Se essa característica deve acender um sinal de alerta, também se constata que American Gods será uma série ligada no 220. A cada cena, a cada diálogo e a cada ação fica muito claro uma força presente na obra, sempre irônica, ácida e violenta, como uma mitologia moderna deveria ser. Isto é o mais interessante, como Neil Gaiman e os roteiristas/criadores de American Gods, Bryan Fuller e Michael Green, enxergam essa narrativa mitológica no mundo contemporâneo. Uma história que não pode se basear em maniqueísmos, romantismos e idealizações. O presente é inseguro, sujo e incerto e seus heróis mitológicos também devem ser dessa forma.

Nesse sentido, American Gods traz logo de cara figuras totalmente inusitadas, que unem essa fantasia mitológica com uma espécie de espírito do tempo presente. Personagens ambíguos que se utilizam de armas contemporâneas para conquistarem seus objetivos, como o próprio Wedsney e sua lábia, Mad Sweeney (Pablo Schreiber que interpreta um Duende cheio de truques de mágica) utilizando seu ilusionismo e a ainda enigmática Bilquis (Yetide Badaki) e o uso do sexo como fonte de seu poder. Isso apenas no primeiro episódio, prometendo que essas figuras multipliquem-se no decorrer da série.

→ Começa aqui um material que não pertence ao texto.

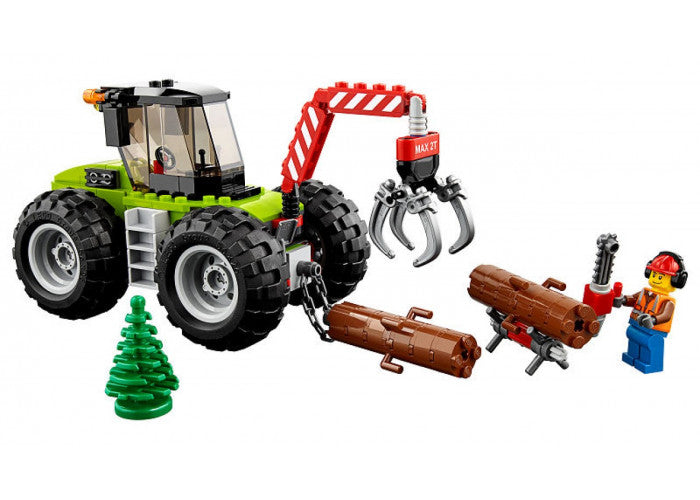 LEGO City 60181 Bostractor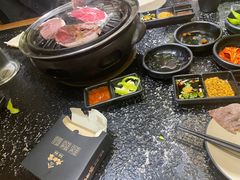 -九田家黑牛烤肉料理(珠江摩尔店)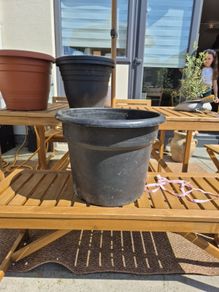 garden pot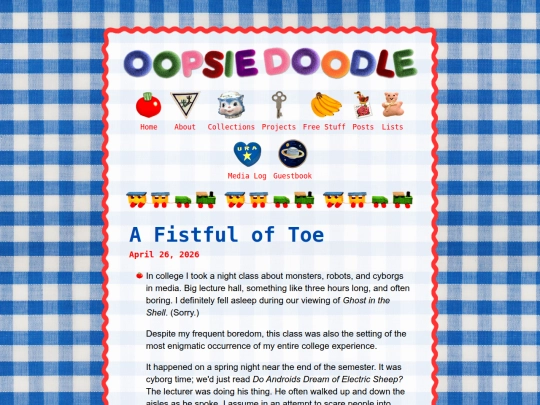 posts/2026/fistful-of-toe screenshot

Extremamente imaginativo, o piloto de American Gods cumpre este objetivo primeiro de construir e deixar bem claro as regras desse mundo fantástico. Os roteiristas desse episódio preparam o terreno e jogam diversas informações sem deixar as coisas muito claras, levantando o interesse naquele universo sem revelar muito do que vem a seguir. O episódio inaugural da série é como se trouxesse, realmente, as primeiras frases de uma história mitológica, estabelecendo parâmetros e descrevendo o universo de uma história que será acompanhada por muito tempo.

Se o piloto não chega a ser brilhante, ele revela que há um painel bastante interessante, passivo de aguçar a curiosidade de qualquer espectador. Com seus excessos, exageros e personagens peculiares, é certo que a mitologia contemporânea está em boas mãos. Que venham os próximos episódios de American Gods.